Il résulte cependant des pièces versées au débat qu’aucun élément ne permettait à la date de la rédaction de l’acte de douter de la salubrité de l’immeuble dont plusieurs appartements étaient occupés par des locataires, et au sujet duquel la mairie, interrogée sur la question relative à l’assainissement, certes annexe mais en lien avec la salubrité, n’a mentionné aucune réserve sur ce point.
En effet, si l’arrêté portant insalubrité de l’immeuble fait l’objet d’une publication au fichier immobilier de la conservation des hypothèques, cette publicité n’a pas été réalisée en l’espèce et il est constant que les relevés hypothécaires expressément demandés par Maîtres A et AD ne mentionnaient pas l’arrêté en cause, seulement notifié au propriétaire concerné en 1990.
Le jugement déféré sera donc confirmé en ce qu’il a jugé que les notaires n’étaient tenus à aucune démarche spécifique auprès de la mairie pour connaître l’état du bien et en ce qu’il a déduit qu’il n’existait aucune faute établie à l’encontre de Maître R A et de Maître AA-AC AD.
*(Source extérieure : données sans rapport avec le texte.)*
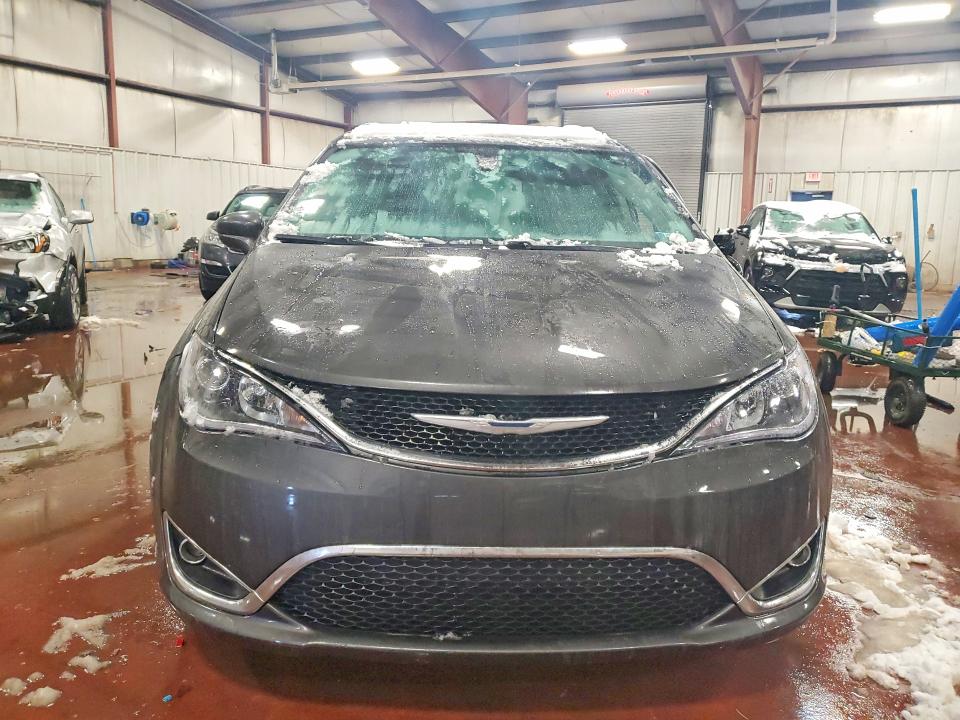 Photo 5 from auction – 2017 CHRYSLER PACIFICA with VIN 2C4RC1BG4HR654144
— Sur la demande d’annulation ou de résolution du contrat de prêt :
M. X succombant pour l’ensemble de ses prétentions, sa demande d’annulation ou de résolution du contrat de prêt souscrit auprès de la Société Générale pour financer l’acquisition du bien est rejetée.
La déchéance du terme étant intervenue le 30 novembre 2017. M. X est redevable de la somme de 200 227,06 euros se décomposant comme suit :
*187 080,28 euros en principal
* 47,81 euros en intérêts
* 13 098,97 euros au titre de l’indemnité de déchéance du terme, et le jugement déféré qui l’a condamné à payer ces sommes à la Société Générale, est confirmé.
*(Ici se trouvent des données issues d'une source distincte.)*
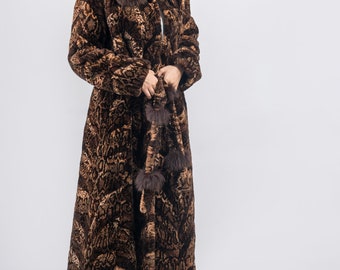 Lyxig minkpälskappa med brun rävkrage - Handgjord i Grekland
— Sur les dommages et intérêts pour procédure abusive :
L’appel en cause par M. X de Mesdames F B et J C, ses locataires, contre lesquelles il ne forme aucune demande et dont la présence dans la cause n’est pas justifiée, constitue un abus de droit.
Le jugement déféré sera en conséquence confirmé en ce qu’il a condamné M. X à payer à Mmes B et C la somme de 1 000 euros de dommages-intérêts en application de l’article 1382 du code civil.
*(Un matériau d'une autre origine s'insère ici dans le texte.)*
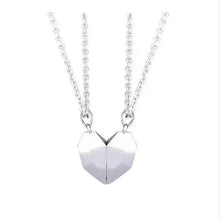 Load image into Gallery viewer, Couples Magnetic Heart Pendants (2Pcs)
— Sur l’application de l’article 700 du code de procédure civile et sur les dépens':
L’équité commande de confirmer le jugement déféré sur l’application des dispositions de l’article 700 du code de procédure civile, et y joutant, de condamner M. X à payer, au titre des frais irrépétibles d’appel, la somme de 800 euros chacun à:
* la SCI Les Castagnades et Mme J K ensemble,
* Maître R A,
* Maître AA-AC AD,
* Mme F B et Mme D C ensemble.
M. X qui succombe dans ses prétentions est condamné aux dépens.
PAR CES MOTIFS,
LA COUR, après en avoir délibéré conformément à la loi,
Statuant publiquement, par défaut, en matière civile et en dernier ressort,
— Dit n’y avoir lieu à révocation de l’ordonnance de clôture
— Confirme le jugement déféré
Y ajoutant :
— Condamne M. X à payer la somme de 800 euros chacun, à:
* la SCI Les Castagnades et Mme J K ensemble,
* Maître R A,
* Maître AA-AC AD,
* Mme F B et Mme D C ensemble, au titre des frais irrépétibles d’appel
— Condamne M. AA-O X aux dépens dont le recouvrement pourra être assuré conformément aux dispositions de l’article 699 du code de procédure civile
Arrêt signé par Monsieur BOYER, Président et par Mme SAGUE, Greffière.